Similar leaks occur in transmission lines.
Water leakage is the same as power loss.
Electricity is also sent to the Tokyo metropolitan area from nuclear power plants in Fukushima and Niigata prefectures, and the length of the wires is as long as 300 km.
It will decrease by about 4.8% from this far-off power plant until electricity reaches a general household.
Around 60 years ago, 24% of electricity was gone.

Imagine flowing water through a water pipe, the more powerful the pump that pumps out the water, the stronger the water flow.
In the case of electricity, if the current does not change, it is more efficient to send it out by applying a tremendous voltage of 500,000 volts.
The thicker the water pipe, the more water can flow, the thicker the wire, the more electricity can flow.
From the power station, electricity is sent out at once using a lot of wires with a thickness of about 4cm.

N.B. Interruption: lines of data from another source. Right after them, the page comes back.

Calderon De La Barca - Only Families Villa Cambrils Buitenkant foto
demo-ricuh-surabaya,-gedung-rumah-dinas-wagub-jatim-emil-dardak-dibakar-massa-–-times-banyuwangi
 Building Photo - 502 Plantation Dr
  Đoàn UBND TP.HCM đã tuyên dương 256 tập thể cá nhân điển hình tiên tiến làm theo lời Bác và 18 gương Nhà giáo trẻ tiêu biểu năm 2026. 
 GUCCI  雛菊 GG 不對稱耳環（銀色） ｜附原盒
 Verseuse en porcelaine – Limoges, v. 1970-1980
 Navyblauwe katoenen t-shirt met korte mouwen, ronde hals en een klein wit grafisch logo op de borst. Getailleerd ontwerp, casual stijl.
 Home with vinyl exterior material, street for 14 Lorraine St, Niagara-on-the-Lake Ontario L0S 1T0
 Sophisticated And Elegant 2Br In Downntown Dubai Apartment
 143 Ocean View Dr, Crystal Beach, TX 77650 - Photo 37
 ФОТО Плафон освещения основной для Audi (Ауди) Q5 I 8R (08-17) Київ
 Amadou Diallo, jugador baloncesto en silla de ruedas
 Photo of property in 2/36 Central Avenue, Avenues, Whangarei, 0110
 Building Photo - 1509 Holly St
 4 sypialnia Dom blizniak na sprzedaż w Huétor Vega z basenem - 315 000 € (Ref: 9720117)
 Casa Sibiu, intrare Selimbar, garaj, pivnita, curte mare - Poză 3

Electric wires near ordinary households are only 2 cm thick, and the voltage is 100 volts.
Because the wires are thin and the voltage is low, electricity is easily lost during power transmission.
Even at a distance of just a few kilometers, there will be as little electricity as it will go down through hundreds of kilometers over a thick transmission line.

JP 2003-284244 A

Nikkei Electronics October 19, 2009 issue "Special feature Smart Grid ON!-Next-generation power network created by storage batteries and sensors-" pp. 29-56

Despite the constant efforts of Japanese power companies, the electricity supplied to each household is never high-quality electricity as described below.
As described in paragraph [0019], in a conventional power transmission network, the frequency and output tend to become unstable as the distance from the power plant increases.
In addition, as described in paragraphs [0019] to [0023] in the above-mentioned constant efforts, more power is consumed in the transmission network than necessary to supply high-quality electricity to each household. There is also a side.
The technical problem at the time of purchasing solar power generation is the content as disclosed in Japanese Patent Application Laid-Open No. 2003-284244, which is presented as Patent Document 1, which means ancillary electricity that means ancillary In this way, the point of view is whether to execute control for supplying power to the transmission line in the area in charge of the distribution substation.
Some materials have the names dirty electricity and clean electricity, but they have a completely different meaning depending on the position of the speaker, so they are not used in this application.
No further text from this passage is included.